After completing all settings, click “NEXT”.
Configuring VMware NSX Advanced Load Balancer
-
Connect to NSX ALB by setting the following items and clicking “VERIFY CREDENTIALS”.
- CONTROLLER HOST: Specify the IP address or FQDN of NSX ALB.
- USERNAME: Specify the account name used to log in to NSX ALB. The default is “admin”.
- PASSWORD: Specify the password for the account.
- CONTROLLER CERTIFICATE AUTHORITY: Paste the certificate obtained in Obtain a certificate when building NSX ALB.

-
When connecting to NSX ALB, you can additionally configure the following items.
- CLOUD NAME: Specify “Default-Cloud”.
- Workload Cluster: Workload cluster settings.
- SERVICE ENGINE GROUP NAME: Specify “Default-Group”.
- WORKLOAD CLUSTER - DATA PLANE VIP NETWORK NAME: Specify the network for Kubernetes.
- WORKLOAD CLUSTER - CONTROL PLANE VIP NETWORK NAME: Specify the network for Kubernetes.
- WORKLOAD CLUSTER - DATA PLANE VIP NETWORK CIDR: Enter the network address for Kubernetes.
- WORKLOAD CLUSTER - CONTROL PLANE VIP NETWORK CIDR: Enter the network address for Kubernetes.
- Management Cluster: Management cluster settings.
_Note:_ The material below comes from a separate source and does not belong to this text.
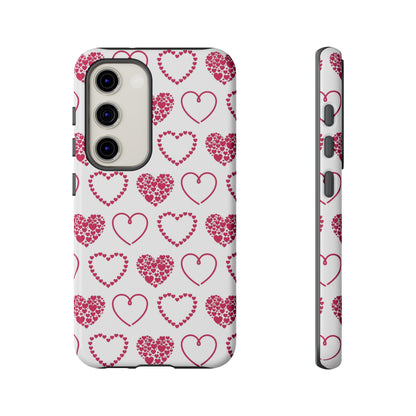 Heart Cluster Love Samsung Galaxy Case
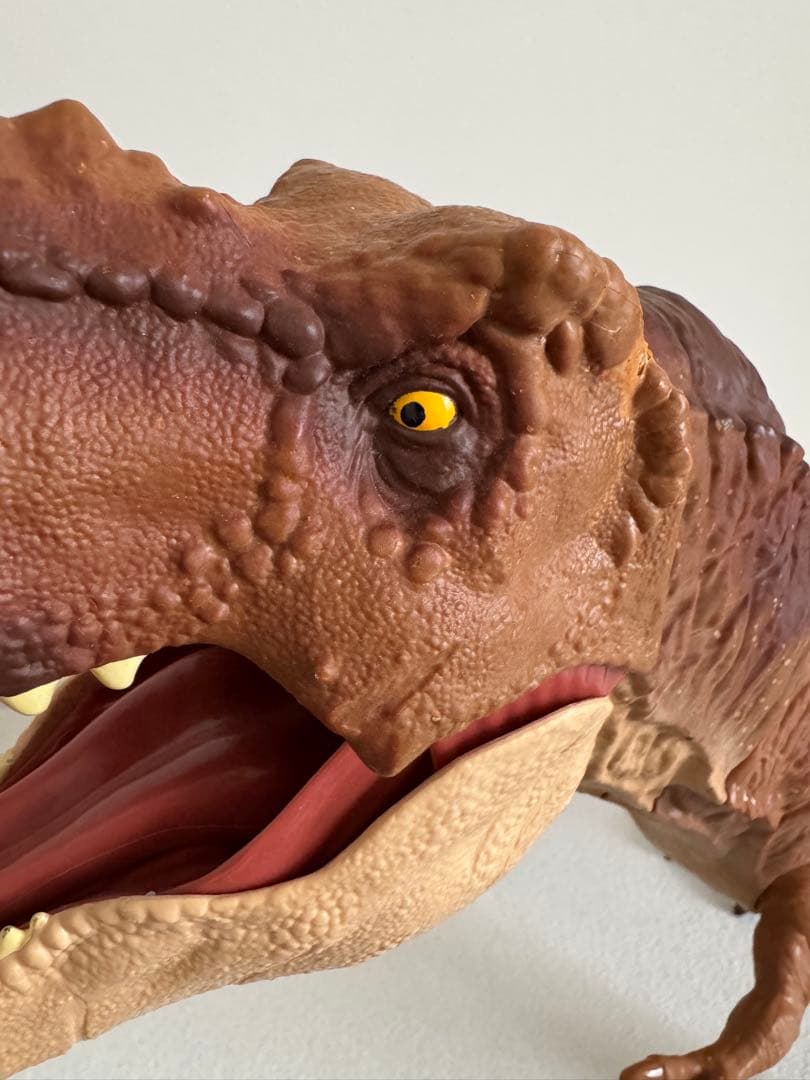 美品　105cm スーパービッグ　ティラノサウルス　マテル社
These are basically the same as the Workload Cluster settings.
- MANAGEMENT CLUSTER - SERVICE ENGINE GROUP NAME: Specify “Default-Group”.
- MANAGEMENT CLUSTER - DATA PLANE VIP NETWORK NAME: Specify the network for Kubernetes.
- MANAGEMENT CLUSTER - CONTROL PLANE VIP NETWORK: Specify the network for Kubernetes.
- MANAGEMENT CLUSTER - DATA PLANE VIP NETWORK CIDR: Enter the network address for Kubernetes.
- MANAGEMENT CLUSTER - CONTROL PLANE VIP NETWORK CIDR: Enter the network address for Kubernetes.
- CLUSTER LABELS: Labels can be assigned to clusters.
The settings in this article are shown below. They are only examples; if your network design or NSX ALB settings are different, configure them for your environment.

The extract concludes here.